GET UP AND GO (Ireland/15A/94mins)
Directed by Brendan Grant. Starring Peter Coonan, Killian Scott, Gemma-Leah Devereux, Sarah McCall, Ryan McParland, Natalia Kostrzewa, Aidan Lawlor, Sara Lloyd-Gregory, Fionn Walton, Paul Woodfull.
THE PLOT: Life is coming to a head for Dublin buddies Coilin (Scott) and Alex (Coonan). The former is a struggling stand-up comedian convinced that one-night stand Lola (Devereux) is the girl of his dreams. Alex, on the other hand, has already found his beloved, Sinead (McCall), who just happens to be Lola’s sister. She also, it turns out over pillow talk, pregnant. Which kinda scuppers the couple’s plans to travel the world. Sinead realises that having a baby will be adventure enough. Alex is not convinced. At all. And so he openly sets about getting the hell out of Dodge, enlisting the listless Coilin as he heads around town, trying to call in favours and loans, or just borrow some moolah.

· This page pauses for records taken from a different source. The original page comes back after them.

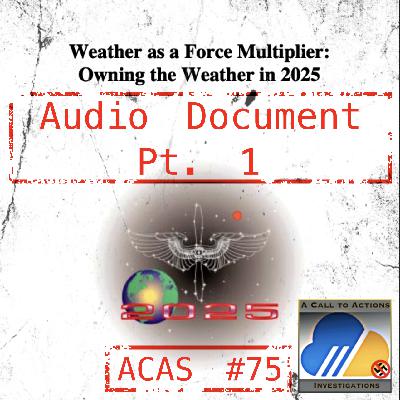 Pt. 1) Air Force 2025: Owning the Weather in 2025 | "Why Would We Want to Mess With The Weather"? [AUDIO DOCUMENT]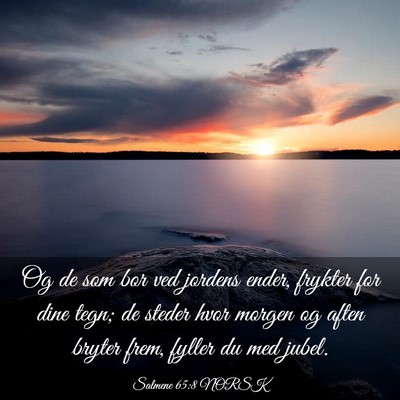 Picture 03 - Salmene 65:8 NORSK - Og de som bor ved jordens ender, frykter for dine - Bible Verse Picture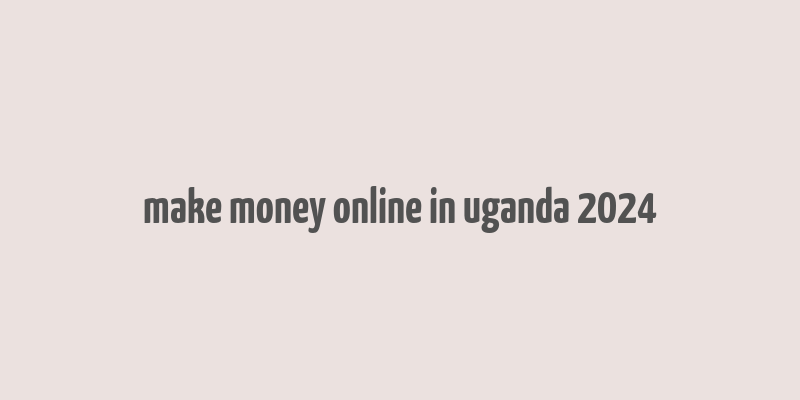 make money online in uganda 2024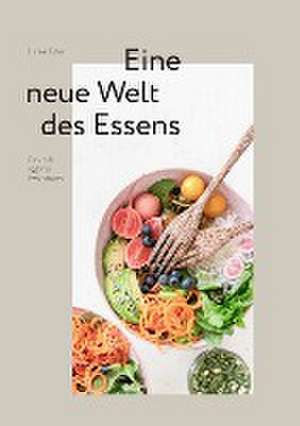 roh + vegan - Eine neue Welt des Essens de Ulrike Eder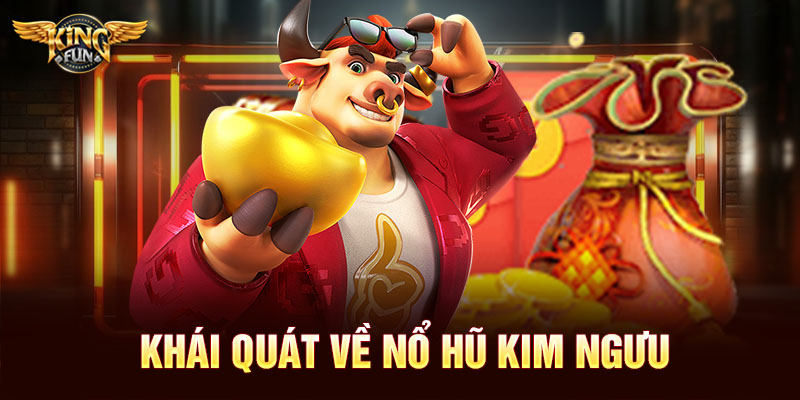 Nổ Hũ Kim Ngưu: Hé Lộ Bí Quyết, Chiến Thuật Và Những Điều Ít Ai Nói Ra 4 Nổ Hũ Kim Ngưu: Hé Lộ Bí Quyết, Chiến Thuật Và Những Điều Ít Ai Nói Ra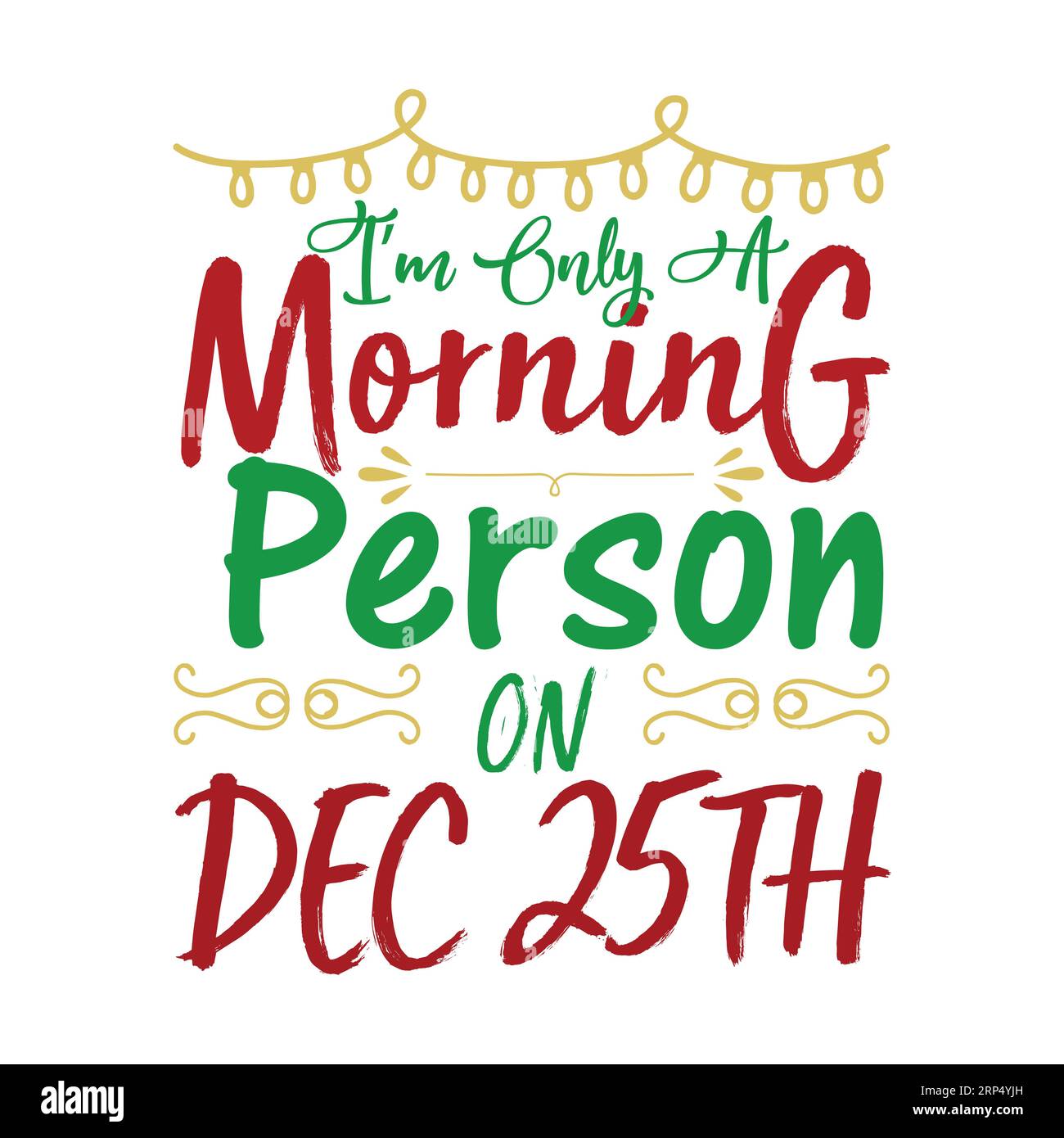 Im ONLY A MORNING PERSON ON DEC 25th, Christmas T-Shirt Print, Merry christmas, Marry christmas Typhography T-Shirt Design, T-Shirt Design, chri Stock Vektor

As the day progresses, both Coilin and Alex are faced with a few grim realities, and the convictions that they set out with in the morning begin to shift, and wane, and wobble…
THE VERDICT: All the ingredients are here for a funky little film, including the highly likeable Coonan and Scott – best known, of course, as Fran and Tommy in LOVE/HATE – in the lead roles, plus a hip, happy supporting cast and a kick-ass Domino Records soundtrack. So, how come GET UP AND GO lacks a certain, well, get up and go?
There’s a growing air here of a smart writer/director just finding his feet, of the wheels of his would-be clever scripts grinding to a halt every now and then. As likeable and thoroughly modern as these young Dublin hipsters might be, there’s a lack of truth about the characters and their stories here that robs GET UP AND GO of some vital emotional grit. You don’t fully believe in these guys, as much as you want to. Given that it’s Coonan and Scott.
In the end, the soundtrack – Villagers, Jon Hopkins, Bill Ryder-Jones, etc – is the best thing about this film. Oh, and that funky mixtape-head poster.